How can one understand the word logos , for example, from any one English translation, when the definition of this famous term in all its rich complexity and creative evolution requires more than five full columns of small type in the massive unabridged Liddell-Scott-Jones Greek-English Lexicon ? A thousand years of philosophic thought are embodied in a term that begins by meaning talk in Homer, develops into Reason with a capital R, as the divine ruler of the universe in the Stoics, and ends up in the Gospel of St. John by a subtle borrowing from biblical sources as the creative Word of God, His instrument in the Creation.
In my day, even in a country high school, one had four years of Latin to prepare for college, and Catullus and Lucretius were among my early enthusiasms. But I had only one semester of Greek in college before I dropped out in my junior year.
I decided in retirement to learn enough Greek to be able to grapple with conceptual terms for myself. I started on my own with a bilingual edition of the Gospel of St. John, then went to the first book of the Iliad . But the study of Greek soon led me far afield into the Greek poets and Greek literature generally. Their exploration continues to be a joy.
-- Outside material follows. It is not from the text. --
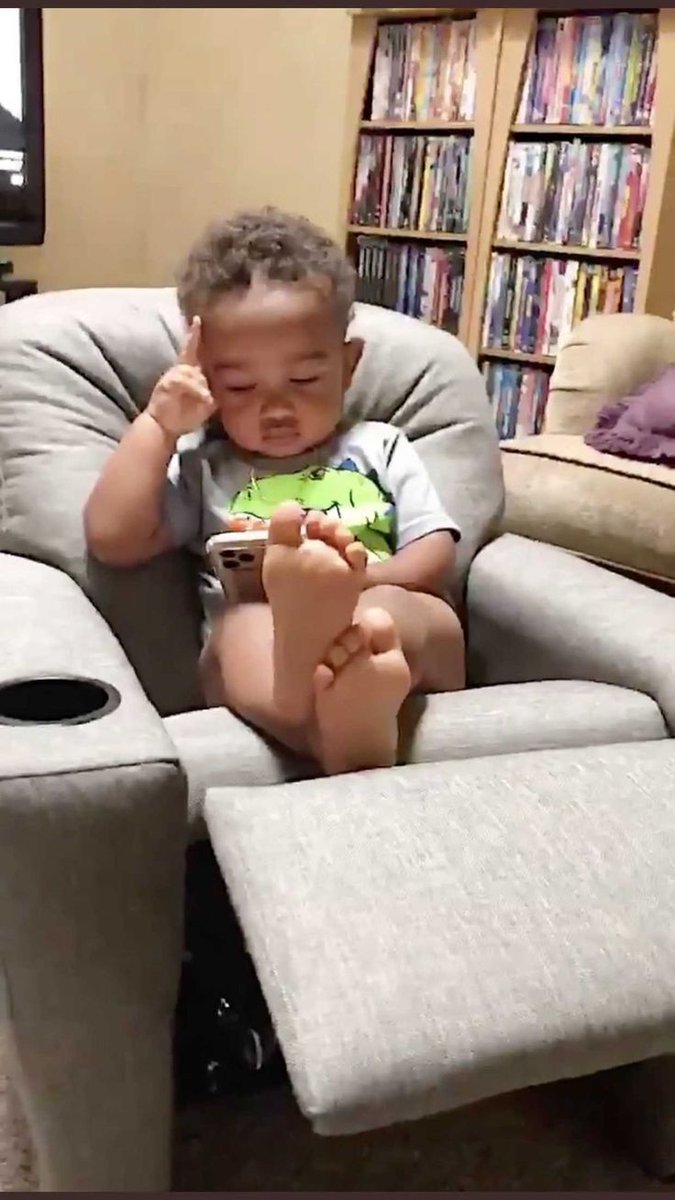 MugashaAndrew20's tweet photo. Looking at u all screening my tweets🥲💀 https://t.co/xCSCd42jSi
But the more I fell in love with the Greeks, the more agonizing grew the spectacle of Socrates before his judges. It horrified me as a civil libertarian. It shook my Jeffersonian faith in the common man. It was a black mark for Athens and the freedom it symbolized. How could the trial of Socrates have happened in so free a society? How could Athens have been so untrue to itself?
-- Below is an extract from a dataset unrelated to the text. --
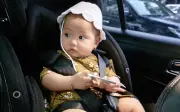 Khoảnh khắc hài hước của H'Hen Niê cùng con gái 7 tháng tuổi gây sốt mạng xã hội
This book is the fruit of that torment. I set out to discover how it could have happened. I could not defend the verdict when I started and I cannot defend it now. But I wanted to find out what Plato does not tell us, to give the Athenian side of the story, to mitigate the citys crime and thereby remove some of the stigma the trial left on democracy and on Athens.
No other trial, except that of Jesus, has left so vivid an impression on the imagination of Western man as that of Socrates. The two trials have much in common. There is no independent contemporary account of either, not even a fragmentary allusion. We have no transcripts, no court records. We do not hear the prosecution. We know the story only as told later by loving disciples.
In the case of Socrates, we do have the indictment. But we do not have what lawyers call a bill of particulars the specific charges rather than the general allegations. We do not know under what law or laws the charges were brought.
Both Jesus and Socrates achieved immortality through martyrdom. For Christian theology, the Crucifixion fulfilled the divine mission. But for Socrates even martyrdom would not have been enough. Socrates left no writings of his own. Of his many and diverse disciples there have survived only the writings of Plato and Xenophon. If only Xenophons recollections of Socrates had survived, even the final cup of hemlock would not have been enough to immortalize him. (The Socrates of Xenophon is rather platitudinous and banal, sometimes a downright philistine, capable even in one passage of Xenophons Memorabilia his recollections of Socrates of jokingly offering to act as a panderer to a well-known Athenian courtesan.) Had Socrates been acquitted, had he died comfortably of old age, he might now be remembered only as a minor Athenian eccentric, a favorite butt of the comic poets.